Yes. Not directly though.


> For example, suppose I have the following function:
>
>   template<typename Entry>
>   void WriteEntry(Entry const & entry) {
>     std::cout << "[" << entry << "]";
>   }
>
> I would like to write a version that takes a std::pair as its
> parameter.  (The caller is itself a templated function that iterates
> over a std::set or a std::map to write out all its entries in a
> specified number of columns.)  However, if I naively write:
>
>   template<typename Left, typename Right>
>   void WriteEntry(std::pair<Left, Right> const & entry) {
>     std::cout << "[" << entry.first << ", " << entry.second << "]";
>   }
>
> then the compiler complains that neither of the two overloads has
> the best conversion.

This is overloading, not specialization (just for the record; I assume
you know that).


> Is there a way to get this to work, or should I be taking a different
> approach altogether?  (I can think of a few run-time ways of solving
> the problem, but it would be more elegant to deduce which output
> function to call at compile time.)

Delegate to a static member function of a template, which you can
partially specialize.

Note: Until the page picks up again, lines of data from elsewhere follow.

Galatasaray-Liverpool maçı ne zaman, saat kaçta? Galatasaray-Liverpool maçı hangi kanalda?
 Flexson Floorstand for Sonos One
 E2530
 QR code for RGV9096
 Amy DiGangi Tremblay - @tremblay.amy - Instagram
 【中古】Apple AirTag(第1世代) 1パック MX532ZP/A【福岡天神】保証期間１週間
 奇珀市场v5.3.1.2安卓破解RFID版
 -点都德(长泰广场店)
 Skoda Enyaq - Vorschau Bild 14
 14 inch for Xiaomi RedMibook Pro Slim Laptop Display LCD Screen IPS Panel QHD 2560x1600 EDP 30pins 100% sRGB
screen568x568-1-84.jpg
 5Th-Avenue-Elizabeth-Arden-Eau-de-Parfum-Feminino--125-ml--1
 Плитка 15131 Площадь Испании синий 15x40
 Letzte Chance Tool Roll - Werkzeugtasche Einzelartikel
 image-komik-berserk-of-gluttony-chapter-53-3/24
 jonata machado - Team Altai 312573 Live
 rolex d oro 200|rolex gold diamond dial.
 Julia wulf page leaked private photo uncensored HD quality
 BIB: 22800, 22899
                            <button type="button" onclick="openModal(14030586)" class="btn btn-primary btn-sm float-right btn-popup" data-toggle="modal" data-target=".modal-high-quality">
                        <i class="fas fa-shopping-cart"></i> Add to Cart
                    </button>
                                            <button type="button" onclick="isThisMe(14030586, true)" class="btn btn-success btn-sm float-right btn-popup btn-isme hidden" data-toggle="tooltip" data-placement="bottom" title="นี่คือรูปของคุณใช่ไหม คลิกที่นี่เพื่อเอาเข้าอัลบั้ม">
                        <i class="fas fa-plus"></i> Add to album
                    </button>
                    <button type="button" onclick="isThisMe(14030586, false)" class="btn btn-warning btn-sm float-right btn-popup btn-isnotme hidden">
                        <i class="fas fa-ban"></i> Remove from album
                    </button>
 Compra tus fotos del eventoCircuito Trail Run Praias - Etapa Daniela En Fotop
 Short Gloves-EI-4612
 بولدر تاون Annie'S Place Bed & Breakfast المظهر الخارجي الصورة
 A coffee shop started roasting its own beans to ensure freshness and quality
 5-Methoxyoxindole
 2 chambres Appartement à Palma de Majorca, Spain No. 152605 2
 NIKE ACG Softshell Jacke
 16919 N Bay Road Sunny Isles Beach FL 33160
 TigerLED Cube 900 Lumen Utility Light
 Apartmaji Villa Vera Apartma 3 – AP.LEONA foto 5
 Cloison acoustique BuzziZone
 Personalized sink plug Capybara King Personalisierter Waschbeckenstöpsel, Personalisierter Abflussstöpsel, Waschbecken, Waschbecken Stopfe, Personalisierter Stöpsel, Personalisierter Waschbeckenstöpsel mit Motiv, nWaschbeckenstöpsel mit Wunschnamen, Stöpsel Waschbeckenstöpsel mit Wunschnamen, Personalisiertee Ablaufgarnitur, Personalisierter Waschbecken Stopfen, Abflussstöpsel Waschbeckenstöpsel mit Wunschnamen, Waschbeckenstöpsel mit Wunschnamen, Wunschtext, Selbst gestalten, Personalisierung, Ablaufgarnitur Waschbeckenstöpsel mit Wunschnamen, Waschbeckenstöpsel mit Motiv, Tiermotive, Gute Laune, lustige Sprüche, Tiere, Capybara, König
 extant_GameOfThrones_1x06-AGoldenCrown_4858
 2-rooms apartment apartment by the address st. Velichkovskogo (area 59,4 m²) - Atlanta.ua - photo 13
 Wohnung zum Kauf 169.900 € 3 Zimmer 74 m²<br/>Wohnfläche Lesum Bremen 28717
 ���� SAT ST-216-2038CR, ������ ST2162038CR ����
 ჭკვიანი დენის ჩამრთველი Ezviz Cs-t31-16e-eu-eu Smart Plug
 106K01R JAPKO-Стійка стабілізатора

E.g.:

template <typename T>
struct EntryWriter
{
  static void write(T const &entry)
  {
    std::cout << "[" << entry << "]";
  }
};

template <typename T1, typename T2>
struct EntryWriter< std::pair<T1,T2> >
{
  static void write(std::pair<T1,T2> const &entry)
  {
    std::cout << "[" << entry.first << ", " << entry.second << "]";
  }
};

template<typename T>
void WriteEntry(T const &entry) {
  EntryWriter<T>::write(entry);
}

int main()
{
  WriteEntry(6);
  WriteEntry(std::make_pair(7,8));
}

Since we have specialization here, EntryWriter< std::pair<T1,T2> >
will be preferred if T is a specialization of std::pair.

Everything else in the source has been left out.